Jim Clarke, his body and mind smashed, struggles to recall the exhilarating acid raves of his teen years, while Frank and Scott Hulme recall the humiliations heaped on them by hard-man Vincent, husband of Jean and father of Alan, his peaceful and pedestrian son.

This is certainly a society at the front line of the class struggle, however unwittingly. The Burn estate, built on the site of a slum, is itself now being run down and dismantled to make way for a new housing association, keen to profit from the tenants’ increasing desperation and powerlessness.

The tower blocks are named — almost mockingly — after long-dead and far-distant prime ministers such as Asquith, Attlee and Palmerston. Peel block has been taken over by an alternative community trying to breathe life back into the society but viewed with suspicion by longer-standing residents.

The unseen protagonists in Brown’s novel are those distant and uncaring public-sector landlords who bear responsibility for the dilapidated tower blocks.
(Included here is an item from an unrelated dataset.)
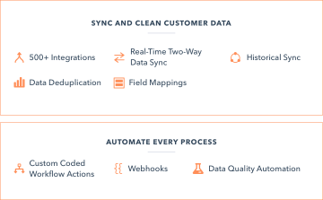 features-opertations-hub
One bureaucratic decision — the transfer of the housing stock — shapes the trajectories of many of the characters’ lives. Yet Ironopolis also records the resilience and solidarity that ensures that most residents, whatever has befallen them, do not want to be shipped out and away by the housing association.

Underpinning the novel’s social realism is an element of the magical kind — the spectral presence of Peg Powler, a bogey figure inhabiting the underground tunnels nearby. Yet that presence does not detract from Brown’s predominant style — Powler is in many respects a metaphor of, and repository for, the community’s historical and present struggles.

The author is a master of the almost incidental, but always memorable, descriptive one-liner. These verbal explosions are never contrived but always enrich the reader’s appreciation of the characters.

The most accomplished working-class novel of the last few years.